Set down a true copy of the data, with all pictures left out.

— AVAILABLE DATA —
——

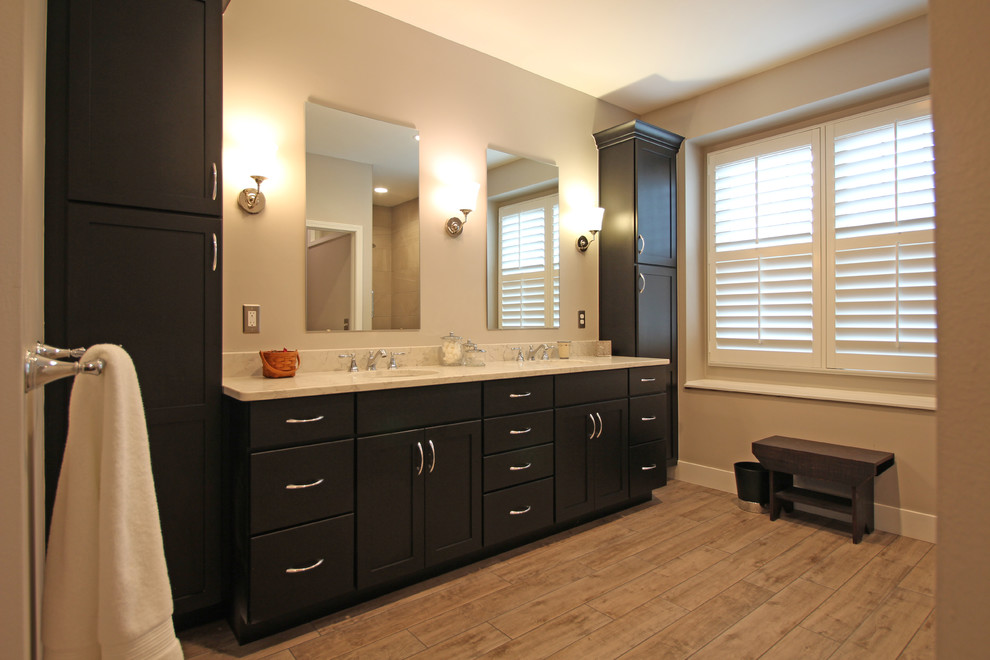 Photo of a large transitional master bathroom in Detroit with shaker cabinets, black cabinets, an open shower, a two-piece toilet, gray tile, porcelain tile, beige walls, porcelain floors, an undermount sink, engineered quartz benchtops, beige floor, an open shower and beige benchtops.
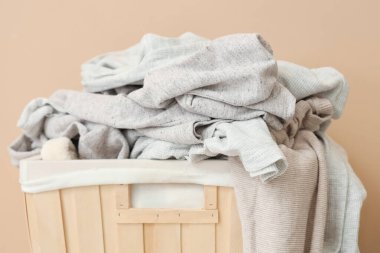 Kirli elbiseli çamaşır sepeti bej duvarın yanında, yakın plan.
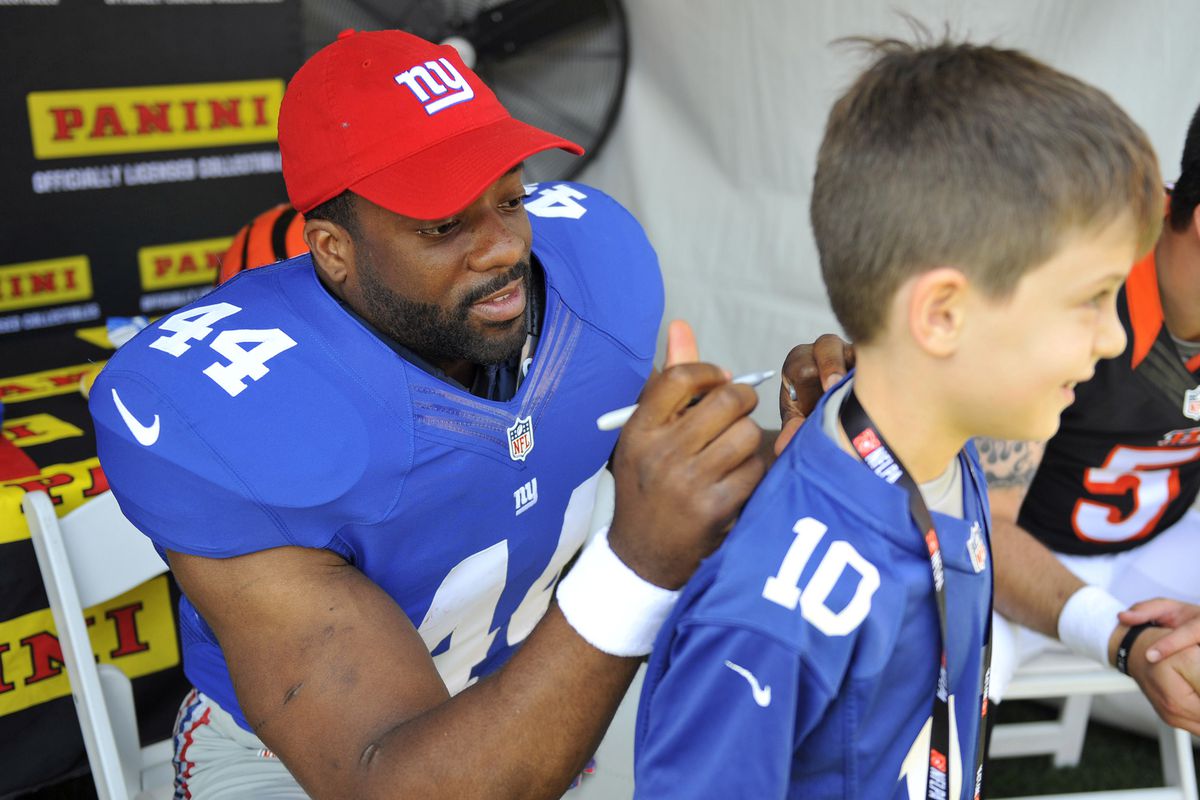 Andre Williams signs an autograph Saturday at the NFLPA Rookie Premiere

——

— EXPECTED ANSWER —
 Photo of a large transitional master bathroom in Detroit with shaker cabinets, black cabinets, an open shower, a two-piece toilet, gray tile, porcelain tile, beige walls, porcelain floors, an undermount sink, engineered quartz benchtops, beige floor, an open shower and beige benchtops.
 Kirli elbiseli çamaşır sepeti bej duvarın yanında, yakın plan.
 Andre Williams signs an autograph Saturday at the NFLPA Rookie Premiere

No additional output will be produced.